(Input data):
☆ ☆ ☆ ☆
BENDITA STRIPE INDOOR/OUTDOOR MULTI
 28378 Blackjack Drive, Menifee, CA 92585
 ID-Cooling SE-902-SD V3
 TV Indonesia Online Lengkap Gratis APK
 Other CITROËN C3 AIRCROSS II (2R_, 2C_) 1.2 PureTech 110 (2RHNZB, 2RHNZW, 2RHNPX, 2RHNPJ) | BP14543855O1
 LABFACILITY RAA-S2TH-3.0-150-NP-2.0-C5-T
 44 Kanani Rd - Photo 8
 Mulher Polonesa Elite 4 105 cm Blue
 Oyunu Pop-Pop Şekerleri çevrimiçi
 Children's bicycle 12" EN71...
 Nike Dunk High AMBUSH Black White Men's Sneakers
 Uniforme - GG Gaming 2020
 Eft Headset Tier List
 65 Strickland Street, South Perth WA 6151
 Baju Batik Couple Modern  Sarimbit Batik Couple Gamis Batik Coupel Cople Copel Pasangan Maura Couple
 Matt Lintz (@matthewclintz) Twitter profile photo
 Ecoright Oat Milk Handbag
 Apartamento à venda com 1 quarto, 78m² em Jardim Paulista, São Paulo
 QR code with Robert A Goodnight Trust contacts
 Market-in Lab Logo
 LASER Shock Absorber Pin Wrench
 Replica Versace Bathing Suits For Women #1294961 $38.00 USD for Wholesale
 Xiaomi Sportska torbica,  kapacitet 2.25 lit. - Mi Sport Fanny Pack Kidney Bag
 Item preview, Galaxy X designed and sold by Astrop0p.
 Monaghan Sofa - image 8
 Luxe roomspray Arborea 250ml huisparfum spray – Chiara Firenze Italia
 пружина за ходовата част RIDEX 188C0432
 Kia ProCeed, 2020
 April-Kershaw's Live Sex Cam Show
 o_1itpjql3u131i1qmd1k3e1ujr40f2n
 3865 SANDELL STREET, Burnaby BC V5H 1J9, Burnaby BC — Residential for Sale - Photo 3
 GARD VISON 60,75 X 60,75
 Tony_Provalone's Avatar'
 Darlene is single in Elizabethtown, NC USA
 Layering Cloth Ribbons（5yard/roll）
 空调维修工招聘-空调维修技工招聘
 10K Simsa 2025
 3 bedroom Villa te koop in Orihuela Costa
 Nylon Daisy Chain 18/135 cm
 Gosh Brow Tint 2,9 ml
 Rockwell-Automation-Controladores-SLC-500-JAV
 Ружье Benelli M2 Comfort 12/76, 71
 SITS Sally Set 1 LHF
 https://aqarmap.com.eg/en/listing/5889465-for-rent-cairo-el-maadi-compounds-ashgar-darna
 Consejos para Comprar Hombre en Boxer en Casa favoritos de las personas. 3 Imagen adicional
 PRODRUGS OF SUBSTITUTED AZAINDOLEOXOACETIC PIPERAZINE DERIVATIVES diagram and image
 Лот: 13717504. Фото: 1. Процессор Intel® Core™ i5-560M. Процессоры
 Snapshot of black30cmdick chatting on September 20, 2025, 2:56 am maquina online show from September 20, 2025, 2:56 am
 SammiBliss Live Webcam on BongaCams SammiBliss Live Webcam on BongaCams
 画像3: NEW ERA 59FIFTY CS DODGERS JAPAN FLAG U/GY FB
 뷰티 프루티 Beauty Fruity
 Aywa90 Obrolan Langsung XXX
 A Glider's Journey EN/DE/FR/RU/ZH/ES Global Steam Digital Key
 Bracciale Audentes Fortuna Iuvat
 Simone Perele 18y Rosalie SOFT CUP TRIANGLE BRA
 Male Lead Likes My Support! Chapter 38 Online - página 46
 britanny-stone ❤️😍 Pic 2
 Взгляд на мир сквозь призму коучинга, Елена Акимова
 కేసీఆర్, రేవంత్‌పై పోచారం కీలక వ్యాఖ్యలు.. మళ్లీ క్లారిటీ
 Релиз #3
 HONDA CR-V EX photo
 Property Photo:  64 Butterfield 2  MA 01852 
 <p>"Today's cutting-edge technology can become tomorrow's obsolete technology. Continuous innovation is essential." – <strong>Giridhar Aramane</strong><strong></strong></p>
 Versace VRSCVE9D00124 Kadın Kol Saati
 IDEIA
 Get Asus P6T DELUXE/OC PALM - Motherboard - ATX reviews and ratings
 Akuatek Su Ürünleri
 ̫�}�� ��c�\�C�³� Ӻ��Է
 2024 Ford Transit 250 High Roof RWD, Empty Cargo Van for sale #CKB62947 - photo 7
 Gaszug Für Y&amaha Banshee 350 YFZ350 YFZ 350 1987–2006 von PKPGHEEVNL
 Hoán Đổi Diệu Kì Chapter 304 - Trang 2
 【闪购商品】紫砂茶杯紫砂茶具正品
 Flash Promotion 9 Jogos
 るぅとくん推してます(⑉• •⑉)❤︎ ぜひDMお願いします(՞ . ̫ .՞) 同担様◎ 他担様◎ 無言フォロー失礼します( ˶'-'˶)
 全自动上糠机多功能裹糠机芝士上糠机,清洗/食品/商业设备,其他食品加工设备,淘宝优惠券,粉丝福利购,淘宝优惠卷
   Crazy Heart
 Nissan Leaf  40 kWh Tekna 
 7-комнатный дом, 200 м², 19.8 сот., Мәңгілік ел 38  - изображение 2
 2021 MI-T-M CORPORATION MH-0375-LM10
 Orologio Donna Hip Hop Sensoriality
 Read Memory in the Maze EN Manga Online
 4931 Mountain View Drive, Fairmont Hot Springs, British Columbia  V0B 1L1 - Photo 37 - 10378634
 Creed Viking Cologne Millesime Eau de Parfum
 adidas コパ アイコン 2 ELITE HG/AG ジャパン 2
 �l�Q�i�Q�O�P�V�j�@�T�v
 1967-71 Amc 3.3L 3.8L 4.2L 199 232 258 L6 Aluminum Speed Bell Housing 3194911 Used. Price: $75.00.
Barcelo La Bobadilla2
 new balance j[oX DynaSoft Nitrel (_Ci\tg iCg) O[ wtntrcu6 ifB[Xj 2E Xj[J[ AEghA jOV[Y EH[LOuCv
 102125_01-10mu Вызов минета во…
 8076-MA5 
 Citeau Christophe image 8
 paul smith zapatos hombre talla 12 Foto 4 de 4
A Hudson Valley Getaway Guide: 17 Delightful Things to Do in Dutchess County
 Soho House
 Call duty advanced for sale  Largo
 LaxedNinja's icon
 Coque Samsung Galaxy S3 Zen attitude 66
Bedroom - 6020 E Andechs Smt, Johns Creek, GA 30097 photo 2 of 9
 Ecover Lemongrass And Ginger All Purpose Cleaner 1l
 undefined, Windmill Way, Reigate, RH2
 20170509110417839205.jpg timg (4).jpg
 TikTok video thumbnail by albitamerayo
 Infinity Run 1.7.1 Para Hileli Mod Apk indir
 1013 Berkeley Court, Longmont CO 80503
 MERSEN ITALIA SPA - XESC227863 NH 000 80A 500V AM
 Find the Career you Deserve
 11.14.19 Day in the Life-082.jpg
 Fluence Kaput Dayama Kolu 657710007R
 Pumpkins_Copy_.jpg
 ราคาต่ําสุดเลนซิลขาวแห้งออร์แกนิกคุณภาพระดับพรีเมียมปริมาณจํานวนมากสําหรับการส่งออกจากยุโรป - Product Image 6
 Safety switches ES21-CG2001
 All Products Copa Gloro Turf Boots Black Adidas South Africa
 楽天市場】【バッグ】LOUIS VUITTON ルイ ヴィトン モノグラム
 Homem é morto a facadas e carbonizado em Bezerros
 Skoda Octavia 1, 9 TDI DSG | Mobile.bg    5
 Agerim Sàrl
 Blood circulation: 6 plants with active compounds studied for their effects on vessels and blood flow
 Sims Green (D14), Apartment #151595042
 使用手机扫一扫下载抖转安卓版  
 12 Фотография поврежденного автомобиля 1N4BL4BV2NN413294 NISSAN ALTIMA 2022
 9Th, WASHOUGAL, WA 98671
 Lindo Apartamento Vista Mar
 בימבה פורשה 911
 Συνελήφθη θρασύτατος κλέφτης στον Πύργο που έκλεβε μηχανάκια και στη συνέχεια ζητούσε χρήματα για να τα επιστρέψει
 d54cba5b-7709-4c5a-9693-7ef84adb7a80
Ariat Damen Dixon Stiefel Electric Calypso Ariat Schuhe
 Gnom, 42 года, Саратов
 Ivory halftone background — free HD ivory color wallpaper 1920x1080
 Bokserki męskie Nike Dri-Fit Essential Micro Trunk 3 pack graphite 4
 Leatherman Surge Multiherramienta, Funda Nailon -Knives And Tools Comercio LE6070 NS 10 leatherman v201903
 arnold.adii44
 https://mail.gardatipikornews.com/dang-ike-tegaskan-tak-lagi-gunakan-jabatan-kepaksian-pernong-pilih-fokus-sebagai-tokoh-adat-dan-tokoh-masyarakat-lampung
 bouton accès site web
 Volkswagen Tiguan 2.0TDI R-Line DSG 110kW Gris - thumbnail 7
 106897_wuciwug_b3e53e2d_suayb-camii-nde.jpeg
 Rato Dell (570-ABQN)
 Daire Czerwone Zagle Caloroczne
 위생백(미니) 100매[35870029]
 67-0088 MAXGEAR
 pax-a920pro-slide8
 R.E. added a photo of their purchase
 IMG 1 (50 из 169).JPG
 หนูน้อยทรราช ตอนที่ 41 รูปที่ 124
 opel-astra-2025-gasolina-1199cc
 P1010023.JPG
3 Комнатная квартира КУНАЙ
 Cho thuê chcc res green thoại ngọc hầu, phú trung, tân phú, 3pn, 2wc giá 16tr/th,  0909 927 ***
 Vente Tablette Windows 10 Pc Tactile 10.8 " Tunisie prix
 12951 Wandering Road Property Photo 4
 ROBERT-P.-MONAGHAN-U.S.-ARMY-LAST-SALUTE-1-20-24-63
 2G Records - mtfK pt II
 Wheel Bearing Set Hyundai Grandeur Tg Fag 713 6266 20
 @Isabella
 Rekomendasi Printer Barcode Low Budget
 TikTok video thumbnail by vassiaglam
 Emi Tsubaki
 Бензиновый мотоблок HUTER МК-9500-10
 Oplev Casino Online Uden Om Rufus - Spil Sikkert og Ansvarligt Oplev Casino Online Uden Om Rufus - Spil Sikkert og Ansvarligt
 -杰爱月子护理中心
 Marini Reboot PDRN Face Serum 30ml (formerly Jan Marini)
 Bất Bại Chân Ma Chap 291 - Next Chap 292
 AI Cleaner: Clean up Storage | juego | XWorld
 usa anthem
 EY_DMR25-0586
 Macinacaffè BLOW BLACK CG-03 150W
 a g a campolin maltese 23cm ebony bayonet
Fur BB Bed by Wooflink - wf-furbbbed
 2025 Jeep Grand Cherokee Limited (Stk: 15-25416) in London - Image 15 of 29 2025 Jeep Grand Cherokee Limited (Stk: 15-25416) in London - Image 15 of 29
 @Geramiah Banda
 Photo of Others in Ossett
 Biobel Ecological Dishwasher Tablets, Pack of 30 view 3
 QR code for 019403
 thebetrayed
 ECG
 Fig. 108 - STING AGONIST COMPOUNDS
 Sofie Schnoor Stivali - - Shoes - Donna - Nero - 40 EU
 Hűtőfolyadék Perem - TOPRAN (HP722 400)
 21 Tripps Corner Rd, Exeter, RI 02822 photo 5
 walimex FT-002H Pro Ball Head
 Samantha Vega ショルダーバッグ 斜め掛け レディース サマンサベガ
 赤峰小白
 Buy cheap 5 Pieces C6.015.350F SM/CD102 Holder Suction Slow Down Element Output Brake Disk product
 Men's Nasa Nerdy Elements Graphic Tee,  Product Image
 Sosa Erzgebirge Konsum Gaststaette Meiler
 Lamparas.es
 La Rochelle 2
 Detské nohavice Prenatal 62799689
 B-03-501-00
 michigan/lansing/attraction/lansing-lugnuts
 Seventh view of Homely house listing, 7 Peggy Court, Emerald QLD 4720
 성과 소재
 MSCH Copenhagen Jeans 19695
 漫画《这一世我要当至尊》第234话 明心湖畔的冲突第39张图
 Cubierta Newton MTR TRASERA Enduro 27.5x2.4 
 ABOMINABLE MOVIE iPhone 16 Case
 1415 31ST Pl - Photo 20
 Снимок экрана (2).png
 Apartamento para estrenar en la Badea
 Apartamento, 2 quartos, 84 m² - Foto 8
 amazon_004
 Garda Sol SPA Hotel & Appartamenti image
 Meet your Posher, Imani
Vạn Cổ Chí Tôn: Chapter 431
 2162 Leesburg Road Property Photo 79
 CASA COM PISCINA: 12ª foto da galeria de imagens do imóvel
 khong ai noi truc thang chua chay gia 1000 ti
☆ ☆ ☆ ☆
(Your instructions): Set down the lines of the listing above verbatim, first line through the line containing "QR code with", inclusive; add no other lines.

(Answer box):
BENDITA STRIPE INDOOR/OUTDOOR MULTI
 28378 Blackjack Drive, Menifee, CA 92585
 ID-Cooling SE-902-SD V3
 TV Indonesia Online Lengkap Gratis APK
 Other CITROËN C3 AIRCROSS II (2R_, 2C_) 1.2 PureTech 110 (2RHNZB, 2RHNZW, 2RHNPX, 2RHNPJ) | BP14543855O1
 LABFACILITY RAA-S2TH-3.0-150-NP-2.0-C5-T
 44 Kanani Rd - Photo 8
 Mulher Polonesa Elite 4 105 cm Blue
 Oyunu Pop-Pop Şekerleri çevrimiçi
 Children's bicycle 12" EN71...
 Nike Dunk High AMBUSH Black White Men's Sneakers
 Uniforme - GG Gaming 2020
 Eft Headset Tier List
 65 Strickland Street, South Perth WA 6151
 Baju Batik Couple Modern  Sarimbit Batik Couple Gamis Batik Coupel Cople Copel Pasangan Maura Couple
 Matt Lintz (@matthewclintz) Twitter profile photo
 Ecoright Oat Milk Handbag
 Apartamento à venda com 1 quarto, 78m² em Jardim Paulista, São Paulo
 QR code with Robert A Goodnight Trust contacts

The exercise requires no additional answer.